[[ Records provided, beginning ]]

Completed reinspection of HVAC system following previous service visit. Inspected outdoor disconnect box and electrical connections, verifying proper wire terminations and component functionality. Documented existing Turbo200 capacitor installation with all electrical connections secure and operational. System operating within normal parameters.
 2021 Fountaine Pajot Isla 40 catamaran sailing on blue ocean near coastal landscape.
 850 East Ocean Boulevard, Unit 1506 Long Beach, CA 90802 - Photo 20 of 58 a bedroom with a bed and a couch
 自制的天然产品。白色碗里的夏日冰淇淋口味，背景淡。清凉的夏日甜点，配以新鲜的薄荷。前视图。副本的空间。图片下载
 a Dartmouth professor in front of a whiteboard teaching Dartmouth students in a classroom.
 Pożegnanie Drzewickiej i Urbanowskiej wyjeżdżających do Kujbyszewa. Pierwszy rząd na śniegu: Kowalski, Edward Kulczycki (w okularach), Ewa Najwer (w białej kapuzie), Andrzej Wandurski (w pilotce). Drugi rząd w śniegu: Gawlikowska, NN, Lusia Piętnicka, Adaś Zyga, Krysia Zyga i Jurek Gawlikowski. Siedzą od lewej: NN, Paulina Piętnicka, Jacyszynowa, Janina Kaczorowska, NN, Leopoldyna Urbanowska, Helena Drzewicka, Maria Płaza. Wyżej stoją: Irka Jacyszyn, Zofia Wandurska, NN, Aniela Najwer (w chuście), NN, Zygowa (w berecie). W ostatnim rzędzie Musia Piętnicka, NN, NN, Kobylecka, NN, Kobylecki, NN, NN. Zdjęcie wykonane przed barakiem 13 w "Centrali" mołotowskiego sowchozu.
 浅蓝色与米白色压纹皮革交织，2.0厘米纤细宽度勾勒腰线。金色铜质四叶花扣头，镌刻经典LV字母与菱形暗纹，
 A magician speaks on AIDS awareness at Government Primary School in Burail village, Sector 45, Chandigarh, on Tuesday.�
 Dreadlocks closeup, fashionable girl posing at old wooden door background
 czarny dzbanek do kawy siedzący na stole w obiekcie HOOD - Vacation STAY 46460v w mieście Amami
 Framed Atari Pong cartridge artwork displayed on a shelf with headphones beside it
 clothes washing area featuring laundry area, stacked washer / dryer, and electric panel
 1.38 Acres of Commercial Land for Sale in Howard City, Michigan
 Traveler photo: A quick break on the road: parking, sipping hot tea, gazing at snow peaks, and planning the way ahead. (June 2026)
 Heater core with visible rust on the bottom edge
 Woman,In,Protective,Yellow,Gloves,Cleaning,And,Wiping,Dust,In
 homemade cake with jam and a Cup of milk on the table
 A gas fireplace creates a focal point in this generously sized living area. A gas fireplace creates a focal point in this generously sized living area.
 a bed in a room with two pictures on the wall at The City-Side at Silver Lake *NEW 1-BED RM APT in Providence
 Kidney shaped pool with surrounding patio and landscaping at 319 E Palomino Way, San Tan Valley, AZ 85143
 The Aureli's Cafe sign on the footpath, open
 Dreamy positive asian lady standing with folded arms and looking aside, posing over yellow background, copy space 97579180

[[ Records provided, end ]]

## Aim of the exercise
Display each line of the data where "area" occurs.

## Exercise answer
 clothes washing area featuring laundry area, stacked washer / dryer, and electric panel
 A gas fireplace creates a focal point in this generously sized living area. A gas fireplace creates a focal point in this generously sized living area.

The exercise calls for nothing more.